Now, in case the Mods read this and cry "advertising not allowed" I shall say right now this is not the intent. I too have written my memoirs garnered from daily diaries and photos kept since 1952 and cross referred to 23,000 hours worth of military and civvy log books. I found the cost of writing and publishing let alone advertising was beyond my means. There had to be another way and I found it.

Chris Brady of www.b737.org.uk wrote his marvellous The Boeing 737 Technical Manual many years ago. I recall we talked by email and he advised me to use an internet publishing site called www.lulu.com which is based in Louisiana USA which is free.

The website shows a budding author how to collate the pages etc and submit the book for publication to them. All at no cost. The snag is you have to write your own book and that includes designing the cover page and back page, do your own proof reading and page layout. I needed help from a friend who had computer keyboard expertese. In other words the author is entirely responsible for the donkey work. As I said I needed someone to help me with page layouts.

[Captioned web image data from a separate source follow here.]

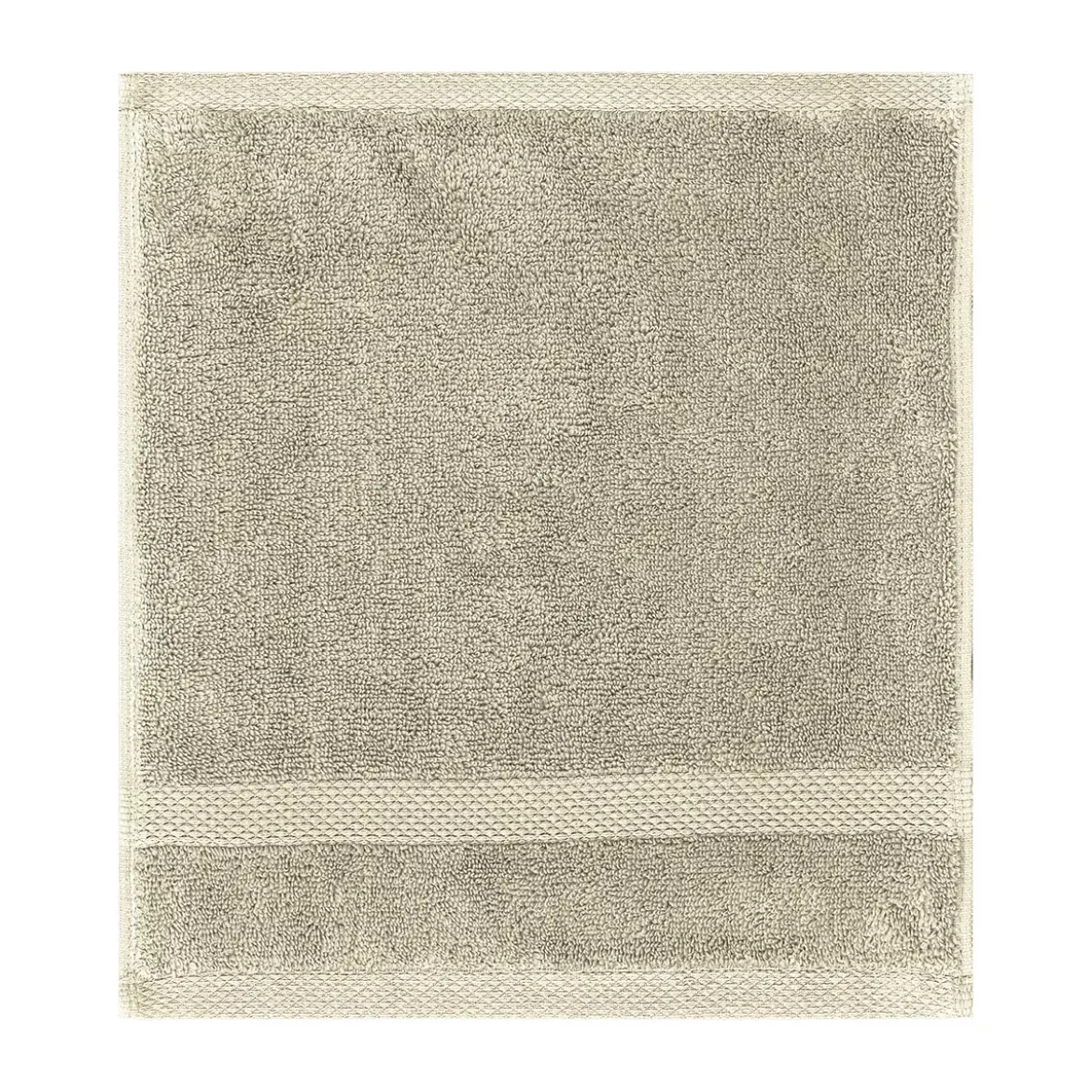 Carre pur coton 550 g/m² uni beige Elea angora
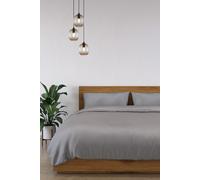 100% Bamboo Complete Bedding Set Panda London Mid Grey King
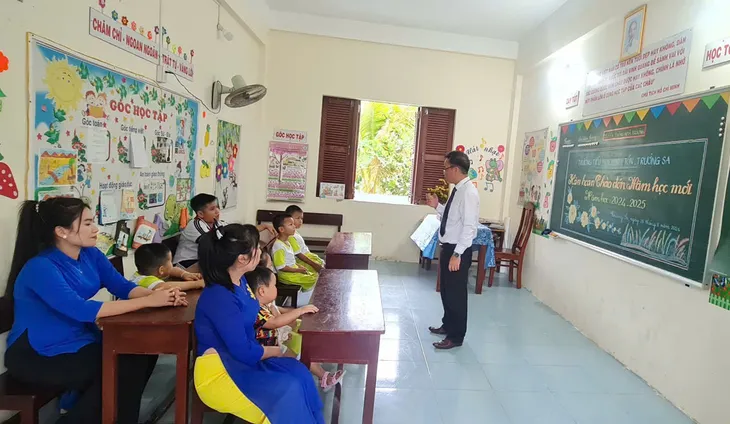Trường Sa: Rộn ràng khai giảng năm học mới - Ảnh 3. Trường Sa: Rộn ràng khai giảng năm học mới - Ảnh 3.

That done, you simply forward the book file to the internet publishing website of your choice - probably hundreds of them available. I chose www.lulu.com despite googled comments criticising the site efficiency. My book was around 12 MB. Incidently there are well written instructions from lulu how to decide on what size pages and format and you decide how much you want to sell the book for. Say $20 USD. If someone sees your book advertised (free) on www.lulu.com they send off the $20 plus around $6 postage to lulu. The author gets $5 and lulu get $5 and the printer gets $10.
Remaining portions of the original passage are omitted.